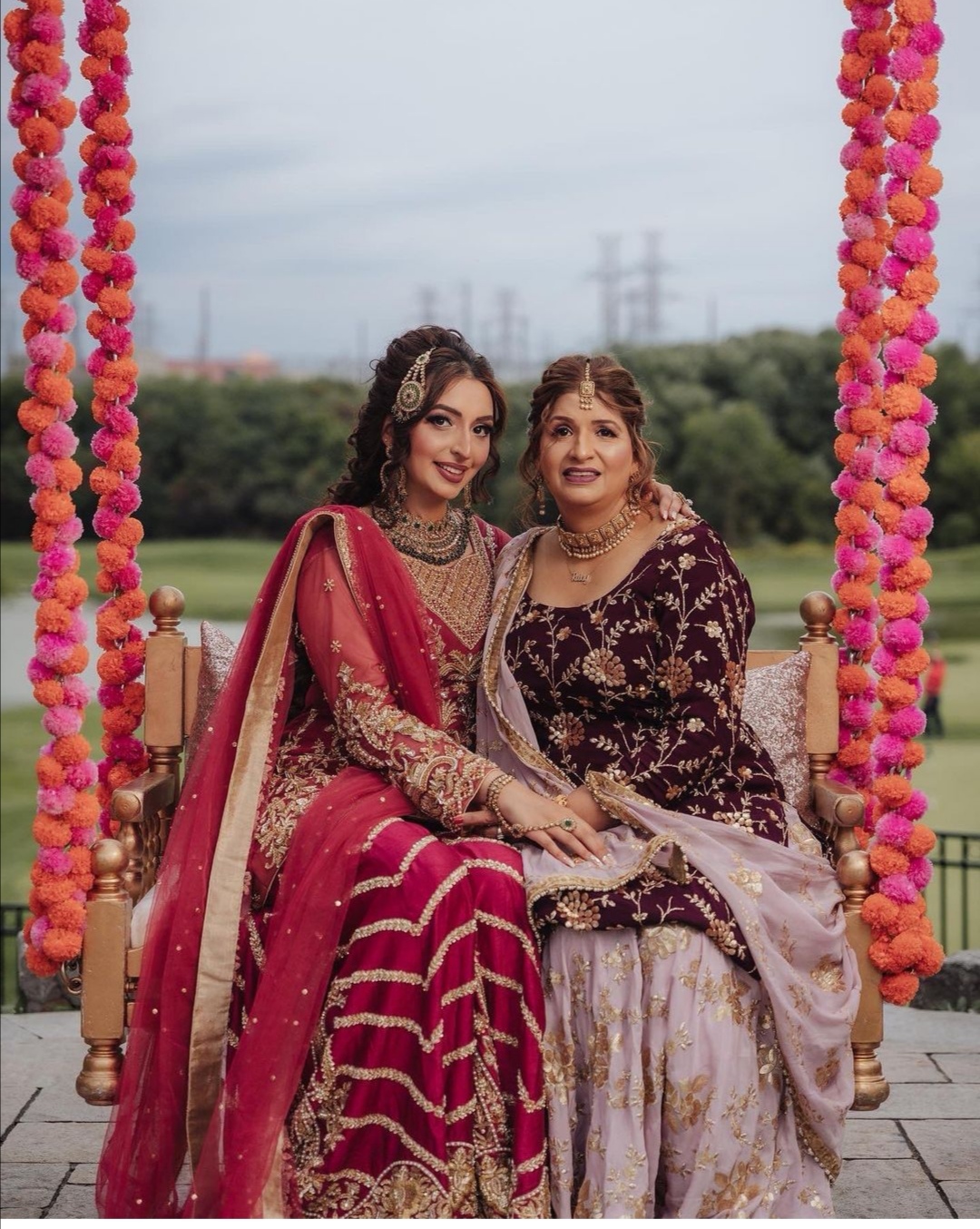 Real Sameera's Collection bride in crimson and gold with her mother in burgundy, on a marigold-draped swing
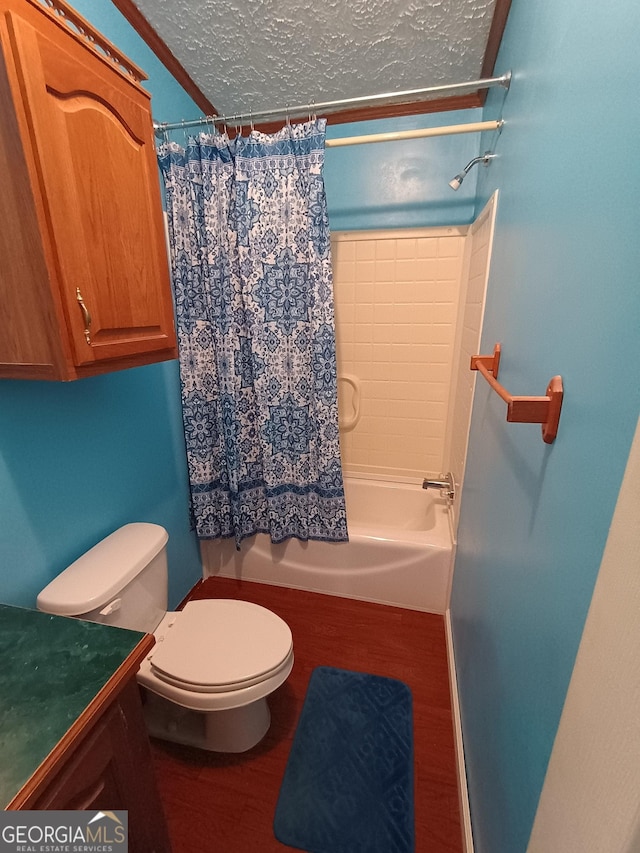 full bathroom featuring a textured ceiling, toilet, vanity, shower / tub combo, and hardwood / wood-style flooring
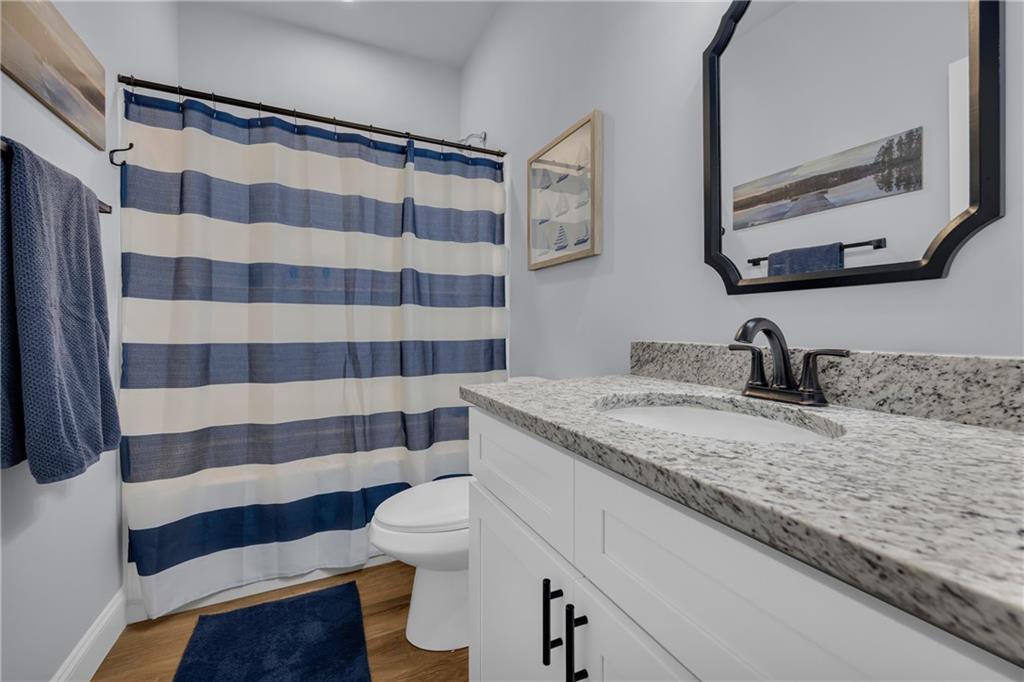 397 Normandy Trail Lavonia, GA 30553 - Photo 24 of 47 a bathroom with a sink and a mirror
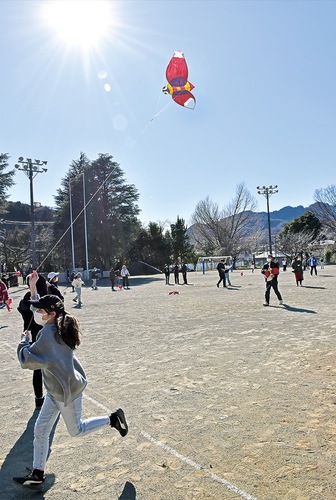 グラウンドを駆け回りながら凧揚げを楽しむ児童ら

Problem requirements: The reply should consist of the listing restated word for word, with its pictures removed.

Exercise solution:
 Real Sameera's Collection bride in crimson and gold with her mother in burgundy, on a marigold-draped swing
 full bathroom featuring a textured ceiling, toilet, vanity, shower / tub combo, and hardwood / wood-style flooring
 397 Normandy Trail Lavonia, GA 30553 - Photo 24 of 47 a bathroom with a sink and a mirror
 グラウンドを駆け回りながら凧揚げを楽しむ児童ら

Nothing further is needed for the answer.